I have a confession to make, and it’s a weird one. Strangely, I’ve heard of several other people who have this same problem. (Hi, Sandra!)

photo 11.jpg

Are you ready for it?? I don’t like raw tomatoes, BUT I am obsessed with homemade tomato sauces, tomato soup, cooked diced tomatoes, salsa, stewed tomatoes, and sundried tomatoes. Ketchup really isn’t my thing (It’s the Chicago in me), but sometimes my tomato cravings get so intense that I will walk to the nearest store to pick up tomato-based goodies. My tomato cravings happen especially when it comes to tomato soup. Right around 2nd or 3rd grade, my tomato-obsessed friend, Justine, and I would go over to her house after school to play. Before our playtime commenced, we would demand tomato soup and popcorn as a snack. What oddball kids we were.

Clearly, I have no problem with cooked tomatoes in any way; I think raw, uncooked tomatoes have a totally different flavor. Raw tomatoes are brighter, tangy, acidic, and juicy in a not-so-great, want-to-throw-up kind of way. So when my boyfriend excitedly showed up with 15 Roma tomatoes, because he got them all for $1, I didn’t know what to do. Roma tomatoes are notoriously great for making Salsa, but I’m not sure if gnawing on some Romas is appropriate. 

Tomatoes are in season in the heat of summer, and one of my favorite things to do is go look at the mounds and heaps of tomatoes at farmer’s markets. There’s just something about the stacks of the round, juicy, bright orbs that makes me happy. To me, they seem to signify the end of summer, the start of a transition into fall, which is arguably my favorite time of year. (Changing leaves, football, corn mazes, pumpkins, crisp mornings, and Thanksgiving all in one season.)

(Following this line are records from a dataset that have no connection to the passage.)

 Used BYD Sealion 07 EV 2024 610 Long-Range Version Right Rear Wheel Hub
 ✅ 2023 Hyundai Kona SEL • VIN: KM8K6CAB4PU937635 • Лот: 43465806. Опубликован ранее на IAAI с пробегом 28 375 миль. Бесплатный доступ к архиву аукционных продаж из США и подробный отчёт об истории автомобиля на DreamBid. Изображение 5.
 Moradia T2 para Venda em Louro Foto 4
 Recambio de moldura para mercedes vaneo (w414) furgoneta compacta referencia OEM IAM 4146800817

Sometimes there are so many tomatoes at the farmers market in August that it is not uncommon for vendors to let you take home a whole basket for only a couple bucks. They would rather them go to a happy family and get eaten than have them rot for the sake of a profit. Farmers are good people. Its one of the things I miss about living in Iowa the most.

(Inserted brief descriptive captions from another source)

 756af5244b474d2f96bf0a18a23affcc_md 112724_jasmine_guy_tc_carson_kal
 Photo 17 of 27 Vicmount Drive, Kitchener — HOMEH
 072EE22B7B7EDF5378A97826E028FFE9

For these Romas, I decided to dehydrate them and make them into a chip, an incredibly healthy and savory snack food. Since the dehydrator merely draws out moisture, these tomatoes are, shockingly uncooked yet extremely palatable. They’re similar to sundried tomatoes, but they can be made overnight in your home instead of drying them outside with the use of a sundial and guard to keep away pesks. ;) Please note that because of the high moisture content, these take awhile to dehydrate, so plan accordingly. These chips will also shrink in size considerably; they won’t make as much as you think, but don’t worry, they’re still worth it.



Paleo Roma Dill Chips

Makes 1 bowl of chips

  • 15 Roma tomatoes
  • 1.5 tbsp. olive oil
  • 1 tbsp. dried dill, or 3 tbsp. fresh chopped dill
  • 1 tsp. smoked paprika
  • 2 tsp. garlic powder
  • ¼ tsp. dried chili powder (I use hatch chili powder, yummmm)
  1. Slice tomatoes about ¾ inch thick and place them in a strainer or colander. Place colander in the sink and let the water/juice naturally drain away from the tomato slices for about 10 minutes. Shake occasionally to let additional juices drain.
  2. In a bowl, mix all spices with the olive oil.
  3. Add tomatoes and coat all slices evenly with olive oil mixture by stirring with a spoon or using your hands.
  4. Place slices onto dehydrator, being careful not to overlap. Turn on dehydrator and let dehydrate until slightly chewy but dried. My own dehydrator takes about 8 hours, or overnight, but follow the manufacturer directions for your particular model.